SEARS HOLDINGS CORP | 2013 | FY | 3


Property and Equipment
Property and equipment are recorded at cost, less accumulated depreciation. Additions and substantial improvements are capitalized and include expenditures that materially extend the useful lives of existing facilities and equipment. Maintenance and repairs that do not materially improve or extend the lives of the respective assets are expensed as incurred.
Depreciation expense, which includes depreciation on assets under capital leases, is recorded over the estimated useful lives of the respective assets using the straight-line method for financial statement purposes, and accelerated methods for tax purposes. The range of lives are generally 20 to 50 years for buildings, 3 to 10 years for furniture, fixtures and equipment, and 3 to 5 years for computer systems and computer equipment. Leasehold improvements are depreciated over the shorter of the associated lease term or the estimated useful life of the asset.
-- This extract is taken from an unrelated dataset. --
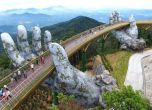 Във Виетнам създадоха мост, 'поддържан' от ръце (снимки   видео)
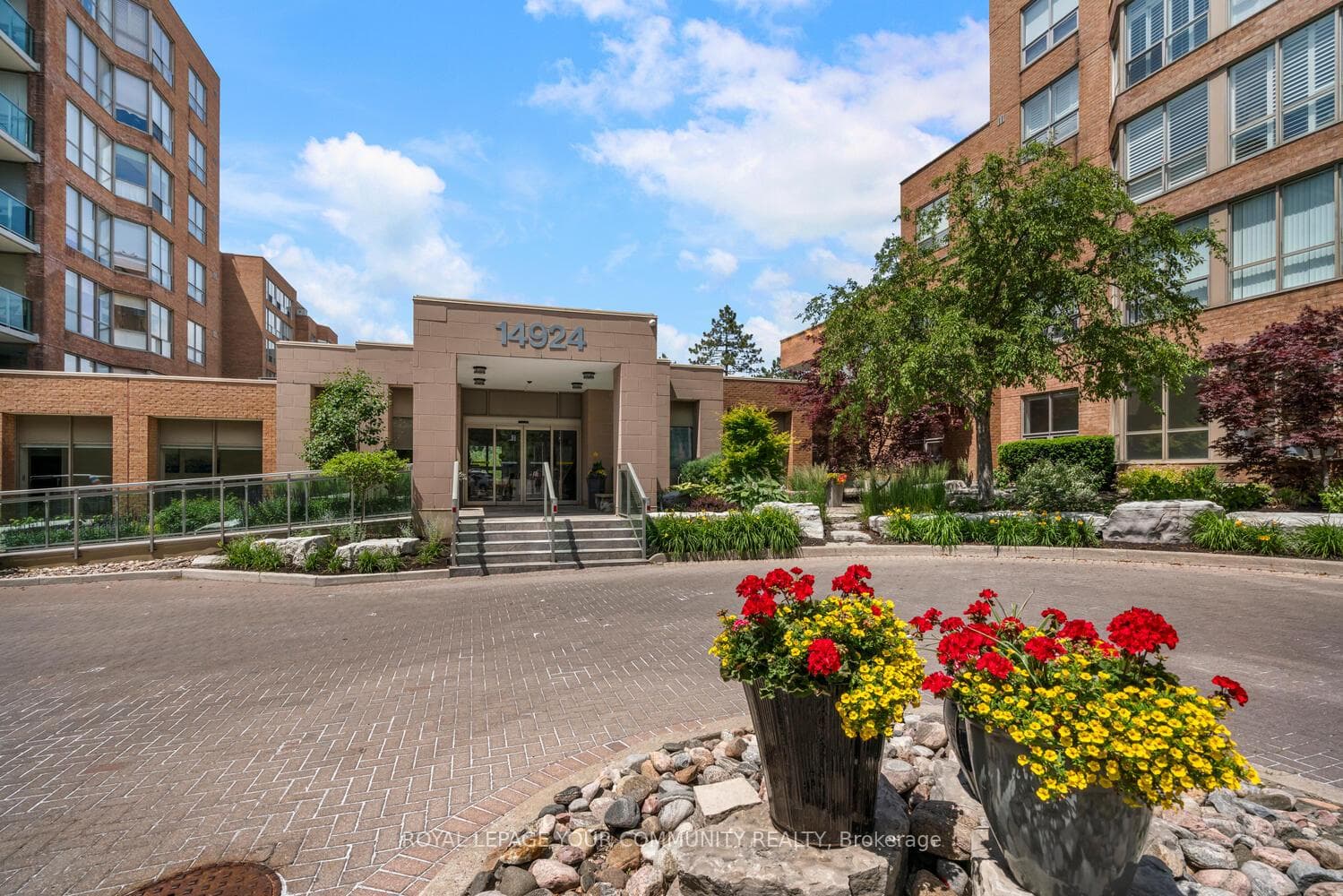 14924 Yonge Street Unit 305, Aurora, ON L4G 6H7 - Photo 1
Depreciation expense included within depreciation and amortization expense reported on the Consolidated Statements of Operations was $703 million, $778 million, and $798 million for the years ended February 1, 2014, February 2, 2013 and January 28, 2012, respectively.
Primarily as a result of store closing actions, certain property and equipment are considered held for sale. The value of assets held for sale was $39 million and $57 million at February 1, 2014 and February 2, 2013, respectively. These assets were included in prepaid expenses and other current assets in the Consolidated Balance Sheets at February 1, 2014 and February 2, 2013 at the lower of their historical net book value or their estimated fair value, less estimated costs to sell. We expect to sell the properties within a year and we continually remarket them. Substantially all assets held for sale are held within the Sears Domestic segment.